• **What this task involves**
Write out the whole listing exactly.

==== Supplied records ====

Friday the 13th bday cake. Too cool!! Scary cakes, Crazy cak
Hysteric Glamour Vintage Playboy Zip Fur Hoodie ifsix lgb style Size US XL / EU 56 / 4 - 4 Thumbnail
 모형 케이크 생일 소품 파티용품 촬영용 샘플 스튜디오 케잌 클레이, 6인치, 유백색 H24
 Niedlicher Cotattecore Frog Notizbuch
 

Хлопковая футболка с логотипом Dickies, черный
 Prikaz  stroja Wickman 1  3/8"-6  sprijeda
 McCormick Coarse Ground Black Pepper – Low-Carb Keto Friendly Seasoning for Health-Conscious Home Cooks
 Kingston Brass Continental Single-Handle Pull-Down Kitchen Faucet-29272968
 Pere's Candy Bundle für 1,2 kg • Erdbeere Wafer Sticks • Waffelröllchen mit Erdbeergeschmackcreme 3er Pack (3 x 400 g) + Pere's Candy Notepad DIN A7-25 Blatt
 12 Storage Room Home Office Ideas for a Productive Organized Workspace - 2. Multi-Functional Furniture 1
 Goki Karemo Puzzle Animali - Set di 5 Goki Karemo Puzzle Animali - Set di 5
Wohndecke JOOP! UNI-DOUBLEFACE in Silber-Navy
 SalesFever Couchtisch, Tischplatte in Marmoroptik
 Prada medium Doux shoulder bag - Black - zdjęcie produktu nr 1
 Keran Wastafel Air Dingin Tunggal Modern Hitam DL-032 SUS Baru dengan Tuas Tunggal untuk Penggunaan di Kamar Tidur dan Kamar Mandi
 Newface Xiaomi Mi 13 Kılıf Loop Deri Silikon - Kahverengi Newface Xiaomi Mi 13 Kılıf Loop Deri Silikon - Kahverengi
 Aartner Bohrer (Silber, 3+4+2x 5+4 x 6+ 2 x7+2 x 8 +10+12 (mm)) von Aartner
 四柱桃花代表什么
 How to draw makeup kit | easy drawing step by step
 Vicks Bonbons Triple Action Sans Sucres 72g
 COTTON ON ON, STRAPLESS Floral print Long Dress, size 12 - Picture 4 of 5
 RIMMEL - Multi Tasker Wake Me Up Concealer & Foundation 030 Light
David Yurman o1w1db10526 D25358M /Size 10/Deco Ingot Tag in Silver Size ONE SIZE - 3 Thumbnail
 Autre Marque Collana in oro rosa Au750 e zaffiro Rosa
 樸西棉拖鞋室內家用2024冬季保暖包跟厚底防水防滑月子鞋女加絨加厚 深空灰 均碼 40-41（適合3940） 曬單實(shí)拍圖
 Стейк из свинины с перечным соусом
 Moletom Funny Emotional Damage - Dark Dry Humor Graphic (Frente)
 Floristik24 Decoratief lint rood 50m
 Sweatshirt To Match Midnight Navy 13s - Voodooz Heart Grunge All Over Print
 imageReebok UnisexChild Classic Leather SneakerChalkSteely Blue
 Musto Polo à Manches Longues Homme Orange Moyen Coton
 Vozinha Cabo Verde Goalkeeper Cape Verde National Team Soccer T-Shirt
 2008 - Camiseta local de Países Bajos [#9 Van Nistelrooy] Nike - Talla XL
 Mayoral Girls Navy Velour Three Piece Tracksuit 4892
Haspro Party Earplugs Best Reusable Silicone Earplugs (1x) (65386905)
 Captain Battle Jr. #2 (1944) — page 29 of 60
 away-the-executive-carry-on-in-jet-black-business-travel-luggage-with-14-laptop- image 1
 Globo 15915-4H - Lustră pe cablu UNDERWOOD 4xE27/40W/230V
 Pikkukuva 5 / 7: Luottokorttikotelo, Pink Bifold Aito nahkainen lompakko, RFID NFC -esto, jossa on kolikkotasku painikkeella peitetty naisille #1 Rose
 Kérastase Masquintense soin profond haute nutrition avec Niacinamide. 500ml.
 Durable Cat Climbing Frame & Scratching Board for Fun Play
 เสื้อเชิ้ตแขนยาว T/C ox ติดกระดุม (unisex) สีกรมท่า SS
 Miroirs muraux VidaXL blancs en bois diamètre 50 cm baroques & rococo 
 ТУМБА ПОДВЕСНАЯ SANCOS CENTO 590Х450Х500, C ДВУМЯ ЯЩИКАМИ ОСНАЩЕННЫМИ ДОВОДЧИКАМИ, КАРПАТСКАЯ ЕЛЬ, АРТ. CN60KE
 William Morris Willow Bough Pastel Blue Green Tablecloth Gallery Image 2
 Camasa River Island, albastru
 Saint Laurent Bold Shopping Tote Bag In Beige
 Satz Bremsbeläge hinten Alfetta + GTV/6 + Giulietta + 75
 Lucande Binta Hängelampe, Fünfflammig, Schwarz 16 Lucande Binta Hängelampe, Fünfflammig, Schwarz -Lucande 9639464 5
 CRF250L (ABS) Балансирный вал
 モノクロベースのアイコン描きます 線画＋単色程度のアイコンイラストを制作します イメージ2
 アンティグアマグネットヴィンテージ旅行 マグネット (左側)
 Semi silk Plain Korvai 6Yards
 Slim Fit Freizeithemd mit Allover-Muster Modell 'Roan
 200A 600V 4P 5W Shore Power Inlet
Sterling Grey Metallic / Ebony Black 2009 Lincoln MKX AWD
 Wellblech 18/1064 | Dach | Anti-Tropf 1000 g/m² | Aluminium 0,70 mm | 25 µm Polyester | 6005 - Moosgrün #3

====

• **Exercise result**
Friday the 13th bday cake. Too cool!! Scary cakes, Crazy cak
Hysteric Glamour Vintage Playboy Zip Fur Hoodie ifsix lgb style Size US XL / EU 56 / 4 - 4 Thumbnail
 모형 케이크 생일 소품 파티용품 촬영용 샘플 스튜디오 케잌 클레이, 6인치, 유백색 H24
 Niedlicher Cotattecore Frog Notizbuch
 

Хлопковая футболка с логотипом Dickies, черный
 Prikaz  stroja Wickman 1  3/8"-6  sprijeda
 McCormick Coarse Ground Black Pepper – Low-Carb Keto Friendly Seasoning for Health-Conscious Home Cooks
 Kingston Brass Continental Single-Handle Pull-Down Kitchen Faucet-29272968
 Pere's Candy Bundle für 1,2 kg • Erdbeere Wafer Sticks • Waffelröllchen mit Erdbeergeschmackcreme 3er Pack (3 x 400 g) + Pere's Candy Notepad DIN A7-25 Blatt
 12 Storage Room Home Office Ideas for a Productive Organized Workspace - 2. Multi-Functional Furniture 1
 Goki Karemo Puzzle Animali - Set di 5 Goki Karemo Puzzle Animali - Set di 5
Wohndecke JOOP! UNI-DOUBLEFACE in Silber-Navy
 SalesFever Couchtisch, Tischplatte in Marmoroptik
 Prada medium Doux shoulder bag - Black - zdjęcie produktu nr 1
 Keran Wastafel Air Dingin Tunggal Modern Hitam DL-032 SUS Baru dengan Tuas Tunggal untuk Penggunaan di Kamar Tidur dan Kamar Mandi
 Newface Xiaomi Mi 13 Kılıf Loop Deri Silikon - Kahverengi Newface Xiaomi Mi 13 Kılıf Loop Deri Silikon - Kahverengi
 Aartner Bohrer (Silber, 3+4+2x 5+4 x 6+ 2 x7+2 x 8 +10+12 (mm)) von Aartner
 四柱桃花代表什么
 How to draw makeup kit | easy drawing step by step
 Vicks Bonbons Triple Action Sans Sucres 72g
 COTTON ON ON, STRAPLESS Floral print Long Dress, size 12 - Picture 4 of 5
 RIMMEL - Multi Tasker Wake Me Up Concealer & Foundation 030 Light
David Yurman o1w1db10526 D25358M /Size 10/Deco Ingot Tag in Silver Size ONE SIZE - 3 Thumbnail
 Autre Marque Collana in oro rosa Au750 e zaffiro Rosa
 樸西棉拖鞋室內家用2024冬季保暖包跟厚底防水防滑月子鞋女加絨加厚 深空灰 均碼 40-41（適合3940） 曬單實(shí)拍圖
 Стейк из свинины с перечным соусом
 Moletom Funny Emotional Damage - Dark Dry Humor Graphic (Frente)
 Floristik24 Decoratief lint rood 50m
 Sweatshirt To Match Midnight Navy 13s - Voodooz Heart Grunge All Over Print
 imageReebok UnisexChild Classic Leather SneakerChalkSteely Blue
 Musto Polo à Manches Longues Homme Orange Moyen Coton
 Vozinha Cabo Verde Goalkeeper Cape Verde National Team Soccer T-Shirt
 2008 - Camiseta local de Países Bajos [#9 Van Nistelrooy] Nike - Talla XL
 Mayoral Girls Navy Velour Three Piece Tracksuit 4892
Haspro Party Earplugs Best Reusable Silicone Earplugs (1x) (65386905)
 Captain Battle Jr. #2 (1944) — page 29 of 60
 away-the-executive-carry-on-in-jet-black-business-travel-luggage-with-14-laptop- image 1
 Globo 15915-4H - Lustră pe cablu UNDERWOOD 4xE27/40W/230V
 Pikkukuva 5 / 7: Luottokorttikotelo, Pink Bifold Aito nahkainen lompakko, RFID NFC -esto, jossa on kolikkotasku painikkeella peitetty naisille #1 Rose
 Kérastase Masquintense soin profond haute nutrition avec Niacinamide. 500ml.
 Durable Cat Climbing Frame & Scratching Board for Fun Play
 เสื้อเชิ้ตแขนยาว T/C ox ติดกระดุม (unisex) สีกรมท่า SS
 Miroirs muraux VidaXL blancs en bois diamètre 50 cm baroques & rococo 
 ТУМБА ПОДВЕСНАЯ SANCOS CENTO 590Х450Х500, C ДВУМЯ ЯЩИКАМИ ОСНАЩЕННЫМИ ДОВОДЧИКАМИ, КАРПАТСКАЯ ЕЛЬ, АРТ. CN60KE
 William Morris Willow Bough Pastel Blue Green Tablecloth Gallery Image 2
 Camasa River Island, albastru
 Saint Laurent Bold Shopping Tote Bag In Beige
 Satz Bremsbeläge hinten Alfetta + GTV/6 + Giulietta + 75
 Lucande Binta Hängelampe, Fünfflammig, Schwarz 16 Lucande Binta Hängelampe, Fünfflammig, Schwarz -Lucande 9639464 5
 CRF250L (ABS) Балансирный вал
 モノクロベースのアイコン描きます 線画＋単色程度のアイコンイラストを制作します イメージ2
 アンティグアマグネットヴィンテージ旅行 マグネット (左側)
 Semi silk Plain Korvai 6Yards
 Slim Fit Freizeithemd mit Allover-Muster Modell 'Roan
 200A 600V 4P 5W Shore Power Inlet
Sterling Grey Metallic / Ebony Black 2009 Lincoln MKX AWD
 Wellblech 18/1064 | Dach | Anti-Tropf 1000 g/m² | Aluminium 0,70 mm | 25 µm Polyester | 6005 - Moosgrün #3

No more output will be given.